LOVELY TO LOOK AT (MGM, 1952) Warner Archive

With its all-star assemblage, a veritable who’s who of MGM’s then reigning glitterati, a sumptuous pre-sold score already immortalized by Jerome Kern, and, gowns by Adrian, returning to his alma mater for the first time since striking out on his own in 1941, director, Mervyn LeRoy’s Lovely To Look At (1952) had something for anyone old enough to remember and admire such in-house panache at its zenith. Even better, here was the perfect artistic vehicle to inaugurate husband and wife dancers extraordinaire, Marge and Gower Champion (then, being groomed as ‘the next’ Fred Astaire and Ginger Rogers), despite the fact Astaire and Rogers had willingly acknowledged the sun had already begun to set on that art deco decadence, appearing for only one final bow together after their legendary run at RKO in MGM’s The Barkleys of Broadway in 1949. Things come suitable to a particular time. The Champions, with their impeccable timing and exquisitely intimate understanding of each other’s bodies, effortlessly to move as one in their pas deux, ‘Smoke Gets In Your Eyes’ – danced across a seemingly bottomless azure backdrop of twinkling stars – marked both a new beginning, as well as the beginning of the end for such graceful achievements on the big screen, with a truly awe-inspiring and applause-worthy execution in style and substance.
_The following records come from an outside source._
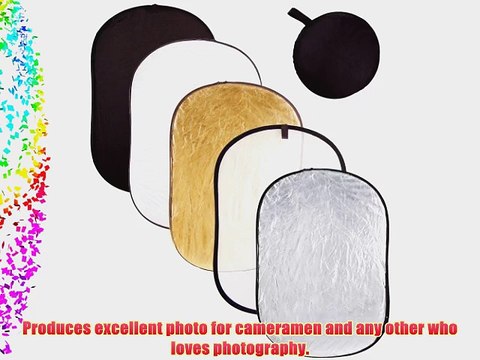 Signstek 5-in-1 40*60 Collapsible Multi Disc Light Reflector Set Photo Studio Outdoor Photograpy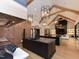 Spacious kitchen with two islands, custom cabinetry, and high-end appliances at 1425 Sky Vista Way, Raleigh, NC 27613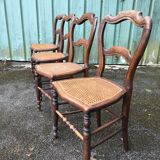Louis Philippe style beech chairs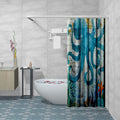 SIKAIQI L-Shaped Stretchable 304 Stainless Steel Corner Shower Curtain Rod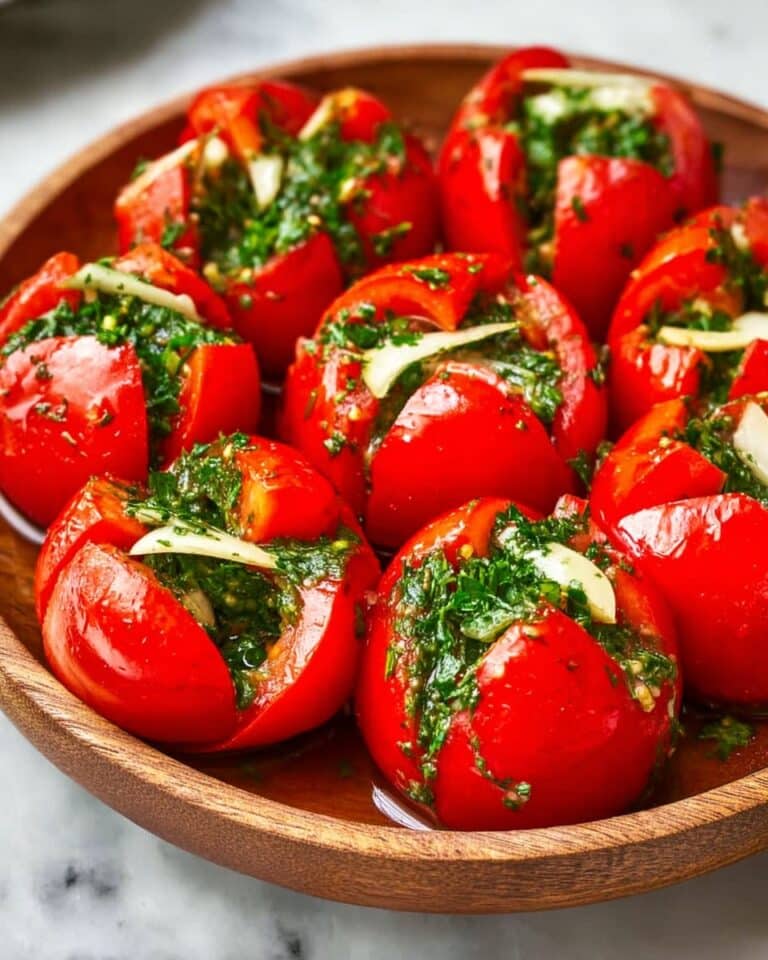 Garlic Marinated Tomatoes Recipe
This level of perfection, alas, was never to be equaled anywhere else in the film, not in the mellifluous coupling of co-stars, Howard Keel and Kathryn Grayson – each, at the top of their game and paired together for the second time (their first, 1951’s Show Boat, and their third and last, 1953’s Kiss Me Kate), nor in the joyously daft rendering of second-tier hopefuls, Ann Miller and Red Skelton, strictly in it for comic relief. Nor even in Vincente Minnelli’s uncredited, fanciful and outlandishly staged ‘fashion show’ finale, sporting more than 40 original creations by Adrian at a staggering cost of $100,000, complete with a story within a story, to feature the Champions again: Gower, as a sexy jewel thief, making chase through this fashion parade of statuesque beauties, on route to a rendezvous with Marge’s kinky/slinky escape artist.    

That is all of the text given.